Calor welcomes vital House of Commons debate on Metal Theft

 
 
 
 

Calor has welcomed a debate in the House of Commons today on the important issue of metal theft as the epidemic continues to spread across the country.

» Metal-theft crime wave

Last year, 200,000 gas cylinders were stolen across the UK by scrap metal thieves, at a cost to the liquefied petroleum gas (LPG) industry of £9 million. Calor Gas Ltd’s cylinders accounted for 50% of these thefts – 100,000 steel gas cylinders with a market value of £4.5 million.

Almost three-quarters of Calor Gas’s business comes from providing gas to homes and businesses which are off the mains supply, mostly in rural areas.

Paul Blacklock, Head of Strategy and Corporate Affairs at Calor Gas, which sells more than 6 million gas cylinders a year through over 12,000 UK outlets, said that the cylinders cost up to £60 each to manufacture.

“For the last 75 years we have never needed a system to track our gas cylinders, but that has changed. There is a criminal element at play here. This is beyond casual theft.

“It is these cylinders that have fallen prey to the metal-theft crime wave.

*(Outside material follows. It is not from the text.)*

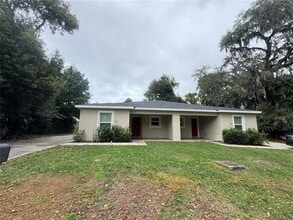 Building Photo - 708 Bon Air St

It is happening in some of the most remote communities in the country.”

Calor Gas has written to the managers/proprietors of 1500 scrap yards in the UK urging them not to accept the stolen steel cylinders. Even a nominally empty cylinder will contain traces of the highly flammable gas and represents a hazard to anyone involved in removing valves or cutting up the cylinder. Fires, serious injury and avoidable deaths have all been recorded.

Some of the bottles have been seen in scrap yards with their bases taken off or even cut in half. And one man was recently found hitting gas cylinders with a sledgehammer in a public car park in Newark in Nottinghamshire in an attempt to remove the brass valves prior to selling the stolen cylinders.

Recently Land Rover Monthly magazine ran an article showing readers how to make traditional-looking wood-burning stoves out of old gas cylinders.

Paul Blacklock wrote to the magazine, saying “We hope your insurance is good.”

At the start of December last year, 110 Calor Gas bottles were taken from a depot in Cardiff in what appeared to be organised raids. One gas cylinder has been spotted as far afield as Tanzania, where the company does not do business.

The police are reluctant to act, believing that evidence of ‘theft’ is too difficult to establish. It is for this reason that the debate in the House of Commons today is of crucial importance to the LPG industry.

“The UK police force and enforcement authorities need to take this seriously,” says Paul Blacklock.

“The Scrap Metal Dealers Act of 1964 needs to be updated to require the dealer to obtain further information on the individual or business supplying the scrap metal. Regarding the illegal export of the cylinders, formal recognition needs to be granted that the unauthorised handling of all LPG cylinders is a crime.”